THE STRIKE OF THE MILL FEEDERS
The mill feeders of a great mill—the stomach—met together to talk over their trials.
The hands said, “We are tired of carrying grist to the door of the greedy mill. We would rather spend all our time painting pictures or writing books.”
“We were made for talking and singing,” said the lips, “but much of our time has to be spent in taking grist for the mill.”
“And we,” said the teeth, “give our life to crushing the grist which is brought to the mill. We are wearing out in its service, but what thanks do we get?”
“I have never had a holiday,” said the tongue. “I do not mind talking, but I do not like to work for the mill. Three times a day or oftener, I must help the teeth to prepare the grist. I am tired of it.”
The gullet said, “My whole life is given up to carrying the grist to the mill. I do not like such work. Let the mill feed itself. It has no business to work us to death.”

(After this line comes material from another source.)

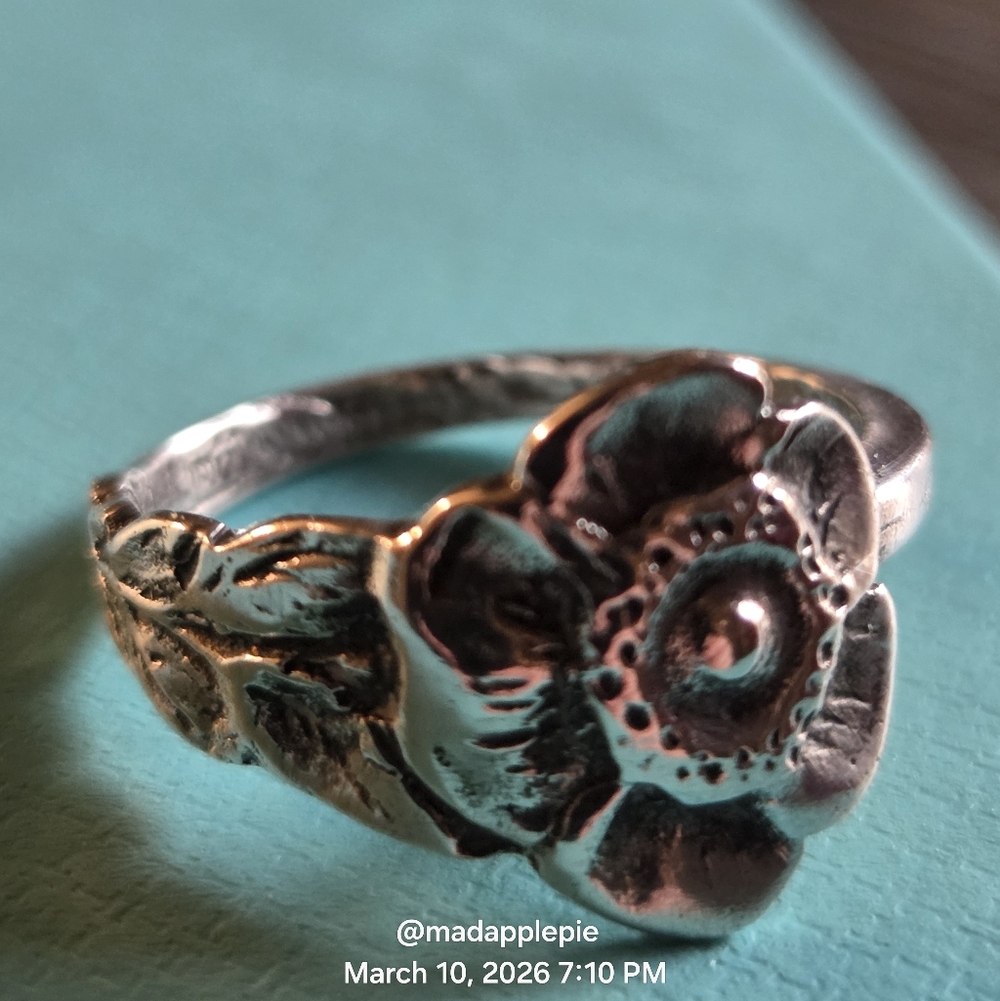 Wild Rose (DUINROOS) Spoon Ring In Sterling Silver #131 Size 9.5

“Let us all stop work,” cried the mill feeders. “We will stop at once;” and so the mill shut down.
Many hours after, the lips said, “How strange that we should not feel like talking now that we have nothing else to do!”

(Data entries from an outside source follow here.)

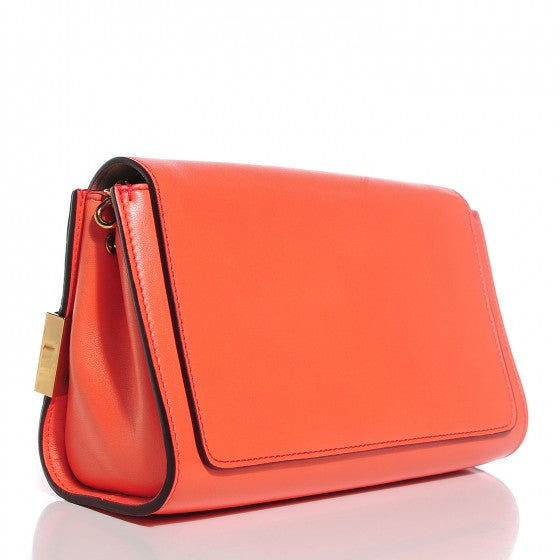Lambskin Medium Elle Chain Clutch Coral Pop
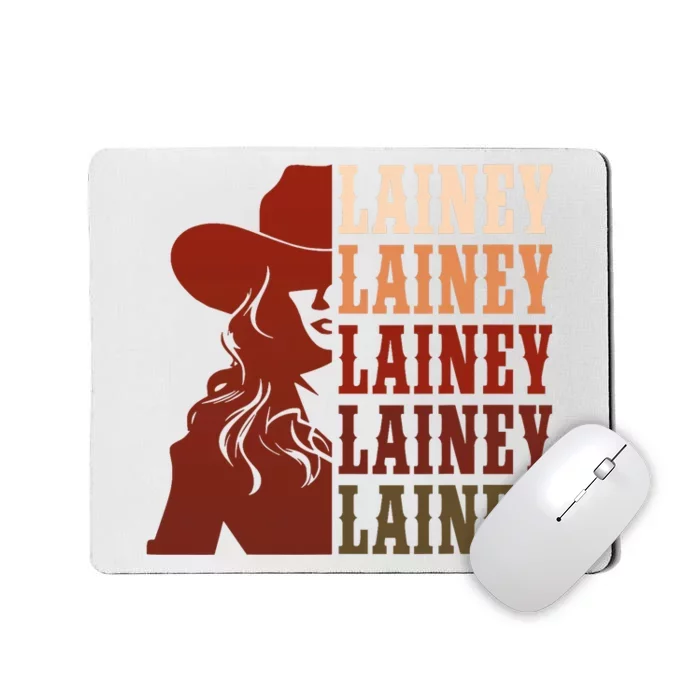 Girl Retro First Name Lainey Personalized Cowgirl Party Mousepad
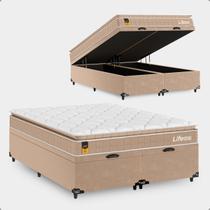 Cama Baú Casal Bipartido + Colchão Life D33 Pillow Top Firme Cama Baú Casal Bipartido + Colchão Life D33 Pillow Top Firme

The hands said, “We are too weak to paint or to write. We never felt so tired before.”
The tongue became parched and all the mill feeders were unhappy.

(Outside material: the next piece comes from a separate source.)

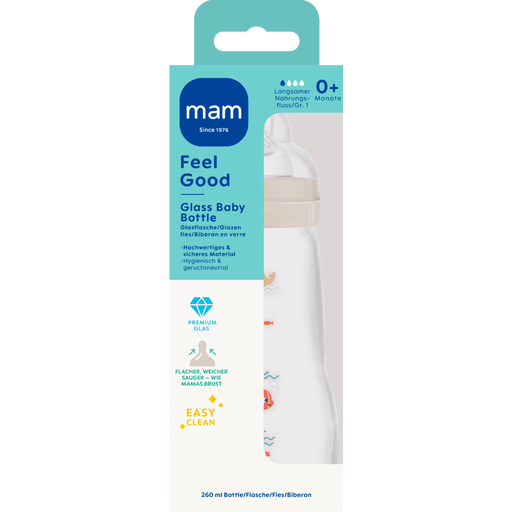 MAM Feel Good Glazen Babyfles Beige 260 ML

More hours passed; then the mill feeders held another meeting. It was a short, quiet, earnest meeting.
“We have been fools,” they all said. “The mill was working for us while we were working for it. Our strength came from the grist which we sent to it. We can do nothing without the help of the mill. Let us go to work again. If the mill will only grind for us, we will gladly furnish the grist.”
THE FARMER AND HIS SONS
“Boys, why are you always quarreling? That is no way to live,” said a farmer to his sons one day.
The sons would not listen to their father. Each wanted the best of everything. Each thought the father did more for the others than for him.
The father bore the quarreling as long as he could. One day he called his seven sons to him. He had in his hand a bundle of seven sticks.
“I wish to see which one of you can break this bundle of sticks,” he said.
The oldest one tried first. He was the strongest, but he could not break it though he used all his strength. Then each of his brothers tried hard to break the bundle. None of them could break it.